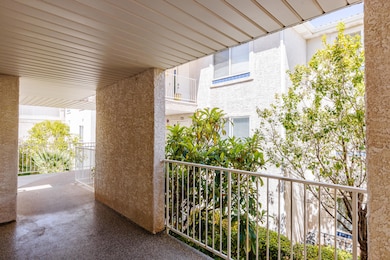 1845WCanyonViewDr-04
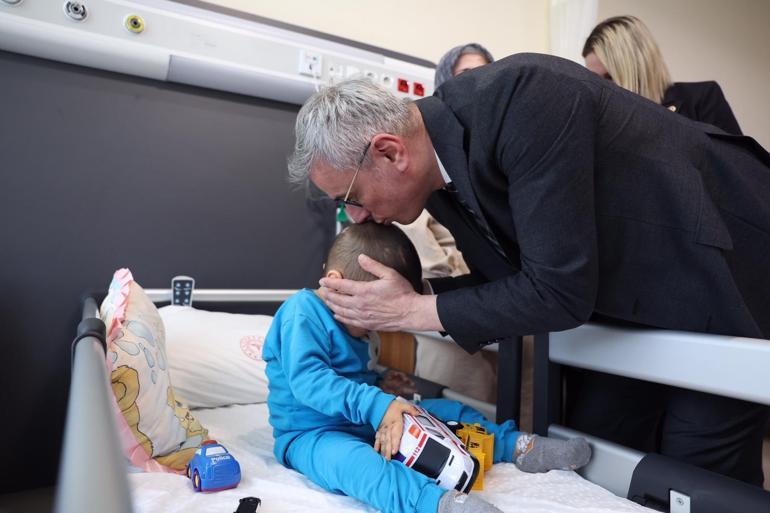 Bakan Memişoğlu: Bir buçuk milyon sağlık çalışanımız gece gündüz insanlarımıza hizmet etmek için çalışıyor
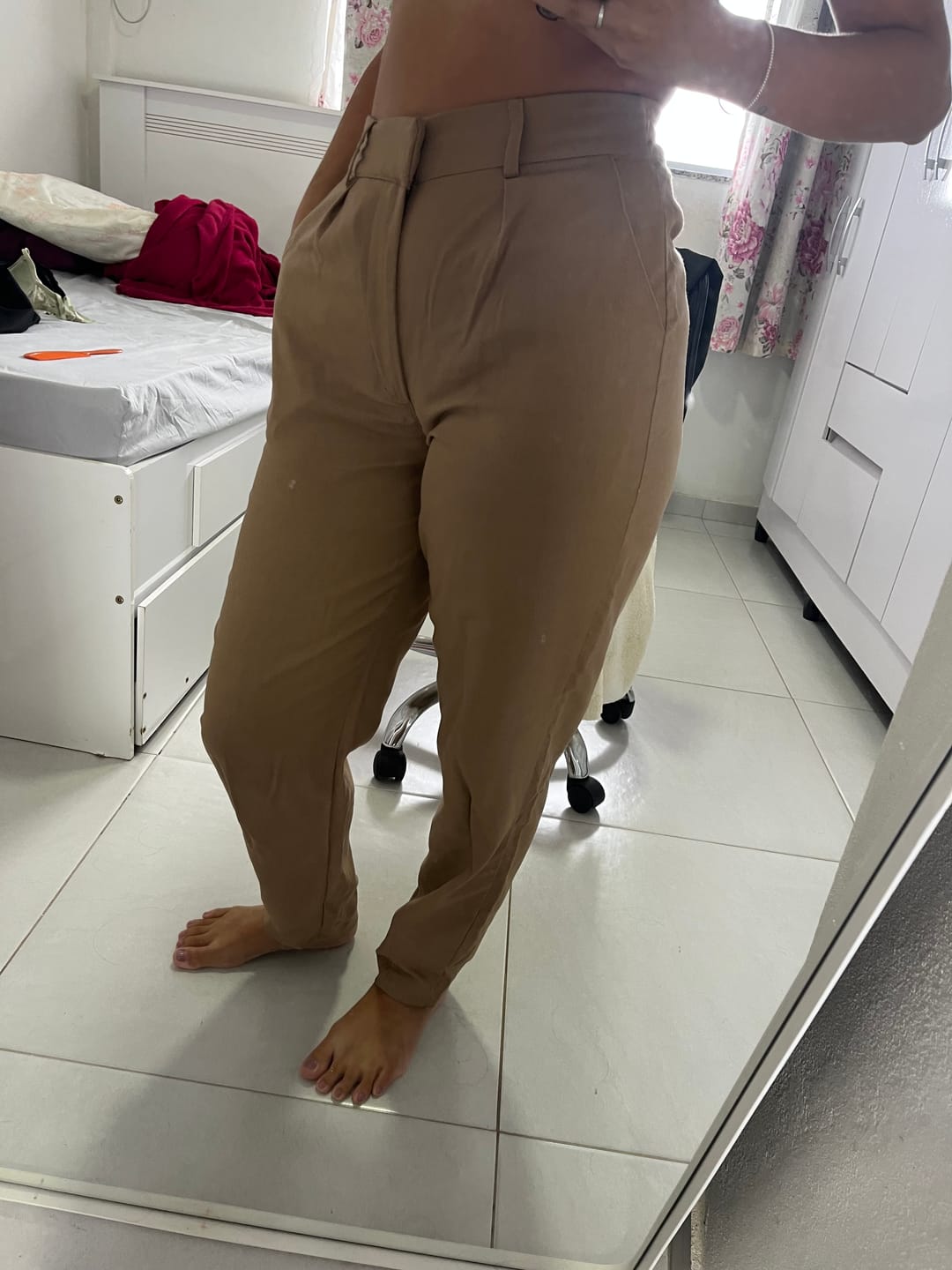 Customer photo review of Calça Slouchy Íris Marrom Claro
—————
▶ Problem to work on:
Pictures aside, reproduce all of the material above without alteration.

▶ Answer to this problem:
 1845WCanyonViewDr-04
 Bakan Memişoğlu: Bir buçuk milyon sağlık çalışanımız gece gündüz insanlarımıza hizmet etmek için çalışıyor
 Customer photo review of Calça Slouchy Íris Marrom Claro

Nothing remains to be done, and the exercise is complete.